Die Chancen stehen eindeutig besser als in den Vorjahren: Im Gegensatz zu den Niederlagen bei Bayern München (2013/1:6) und bei Borussia Dortmund (2014/0:2) geht das Hecking-Team als klarer Favorit ins Spiel. Auch wenn die Arminia bisher bereits drei Bundesligisten auf der heimischen Alm aus dem Wettbewerb befördert hat.

"Bielefeld mindestens Zweitliga-Mannschaft"

"Das zeigt auch, wie professionell dort gearbeitet wird. Die Unterschiede sind nicht mehr so groß. Bielefeld ist für mich mindestens eine Zweitliga-Mannschaft", sagte Manager Klaus Allofs. Und Außenverteidiger Ricardo Rodriguez ergänzte: "Sie haben drei Bundesligisten rausgeworfen. Wir müssen Vollgas spielen."

Das wollen auch die gar nicht mehr so scheuen Bielefelder. "Für dieses Finale reißen wir uns schon das ganze Jahr den Arsch auf. Jetzt können wir Historisches erreichen", sagte Torjäger Fabian Klos: "Wenn man im Halbfinale steht, will man ins Finale, alles andere wäre gelogen." Manuel Junglas, in den vergangenen beiden Runden gegen Werder Bremen (3:1) und Borussia Mönchengladbach (5:4 i.E.) insgesamt dreifacher Torschütze, erzählte: "Das ist das absolute Highlight in meinem Fußballer-Leben.

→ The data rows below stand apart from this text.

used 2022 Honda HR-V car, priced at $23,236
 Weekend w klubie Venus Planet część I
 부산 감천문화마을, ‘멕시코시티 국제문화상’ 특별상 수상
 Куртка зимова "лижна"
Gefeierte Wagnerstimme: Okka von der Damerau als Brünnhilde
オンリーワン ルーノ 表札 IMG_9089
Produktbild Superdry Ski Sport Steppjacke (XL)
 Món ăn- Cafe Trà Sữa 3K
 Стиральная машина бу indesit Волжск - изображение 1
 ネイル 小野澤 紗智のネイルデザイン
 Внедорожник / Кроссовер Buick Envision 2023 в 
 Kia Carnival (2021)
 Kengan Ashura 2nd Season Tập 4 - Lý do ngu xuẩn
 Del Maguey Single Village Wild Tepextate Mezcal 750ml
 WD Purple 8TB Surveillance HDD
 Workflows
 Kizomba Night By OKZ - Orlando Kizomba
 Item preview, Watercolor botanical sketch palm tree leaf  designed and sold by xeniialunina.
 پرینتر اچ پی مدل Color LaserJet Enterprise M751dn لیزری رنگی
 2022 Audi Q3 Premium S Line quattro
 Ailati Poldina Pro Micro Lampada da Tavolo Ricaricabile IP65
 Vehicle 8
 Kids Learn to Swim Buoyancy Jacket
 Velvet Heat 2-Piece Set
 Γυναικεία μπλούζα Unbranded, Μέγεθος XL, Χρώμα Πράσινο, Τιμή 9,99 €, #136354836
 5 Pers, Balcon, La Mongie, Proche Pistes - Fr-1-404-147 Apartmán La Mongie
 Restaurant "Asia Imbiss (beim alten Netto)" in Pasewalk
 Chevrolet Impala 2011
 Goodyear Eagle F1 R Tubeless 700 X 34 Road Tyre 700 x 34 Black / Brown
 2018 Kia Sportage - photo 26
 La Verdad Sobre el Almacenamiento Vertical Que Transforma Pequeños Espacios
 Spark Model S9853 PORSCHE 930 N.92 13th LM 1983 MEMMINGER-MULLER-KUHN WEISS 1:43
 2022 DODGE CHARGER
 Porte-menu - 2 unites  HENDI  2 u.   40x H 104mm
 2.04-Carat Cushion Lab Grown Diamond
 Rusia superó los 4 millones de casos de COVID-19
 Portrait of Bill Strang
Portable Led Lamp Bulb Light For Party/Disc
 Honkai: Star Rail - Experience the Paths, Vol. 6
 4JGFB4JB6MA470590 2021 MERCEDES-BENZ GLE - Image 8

Wir werden um unser Leben rennen. Das ist vielleicht die einzige Chance im Leben, mal nach Berlin zu fahren."

Wolfsburg kann aus dem Vollen schöpfen

Davon waren die Wolfsburger zuletzt etwas entfernt. Gegen den SSC Neapel war das Hecking-Team auf internationaler Bühne deutlich unterlegen, dazu musste die Mannschaft der Dreifach-Belastung Tribut zollen. Am Sonntag verlor der VfL beim direkten Verfolger Borussia Mönchengladbach, dennoch sollte die Champions-League-Qualifikation nicht mehr in Gefahr geraten. "Wir wollen wieder besser Fußball spielen. In Bielefeld müssen wir es anders machen", sagte Allofs.

Dafür soll auch wieder der zuletzt angeschlagene Mittelfeldstar Kevin de Bruyne sorgen. "Alle Spieler sind fit. Der Pokal heilt sozusagen alle Wunden", sagte Hecking. An Motivation mangelt es ohnehin nicht: "Die Mannschaft ist richtig heiß auf dieses Spiel und heiß auf Berlin", sagte der ehemalige Nationalspieler Marcel Schäfer: "Bei allem Respekt vor Arminia Bielefeld und ihren tollen Leistungen, aber wenn wir konzentriert zu Werke gehen, werden wir uns das nicht nehmen lassen."